![]() |
Suasana pasar di Sempidi, Badung |
Harga berbagai komoditas esensial dan bahan-bahan upakara mengalami peningkatan tajam menjelang perayaan hari suci Galungan.
Kenaikan harga ini berdampak luas pada masyarakat Bali, khususnya umat Hindu yang akan merayakan Galungan. Keluarga berpenghasilan rendah menjadi kelompok yang paling merasakan kesulitan akibat kenaikan ini.
Fenomena kenaikan harga ini terpantau di berbagai pasar tradisional di Bali, termasuk Pasar Sempidi, tempat keluhan pedagang dan warga mencuat.

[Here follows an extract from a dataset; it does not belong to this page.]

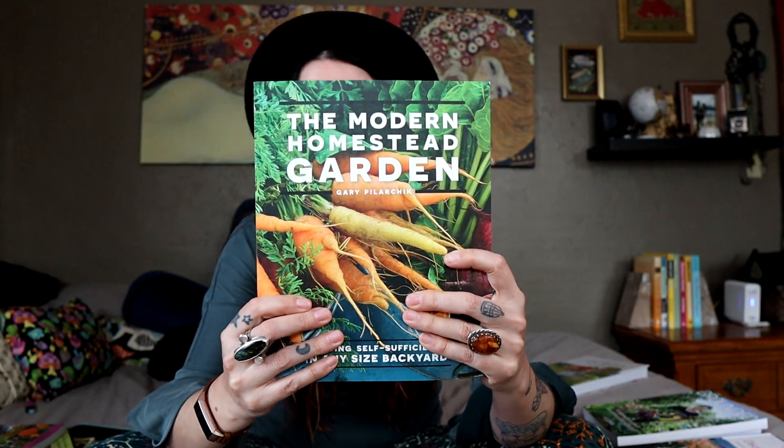So next up, this is one I actually just cracked into because I just got it — hot off the mail. I can't tell you whether it's an amazing book or not because I haven't read it, but I'm pretty sure it's going to be great. So this is The Modern Homestead Garden, and this is Gary Pilarczyk — I actually don't know how to say his last name, but this is Gary from the Rusted Garden on YouTube.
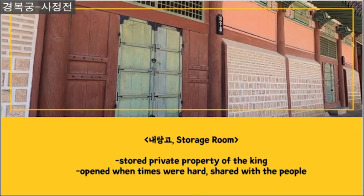If you turn around, there are 10 small buildings that look like storage rooms. They are called Netanggu, which is where the king would store his private properties. It is said that during hard times when people did not live well — such as famines and droughts, and times when people could not farm well — the king opened it and shared his property with the people.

Lonjakan harga ini terjadi dalam kurun waktu satu minggu menjelang Hari Raya Galungan, di mana permintaan akan kebutuhan pokok dan perlengkapan upakara meningkat pesat. Berdasarkan informasi yang dihimpun pada Selasa (15/4) pagi, kenaikan harga sudah sangat terasa di tingkat pedagang dan konsumen.
Peningkatan permintaan yang signifikan menjelang Hari Raya Galungan menjadi faktor utama pemicu kenaikan harga. Tradisi perayaan Galungan yang melibatkan berbagai kebutuhan pokok dan perlengkapan upakara dalam jumlah besar menyebabkan hukum pasar bekerja, di mana peningkatan permintaan tidak diimbangi dengan ketersediaan pasokan yang memadai.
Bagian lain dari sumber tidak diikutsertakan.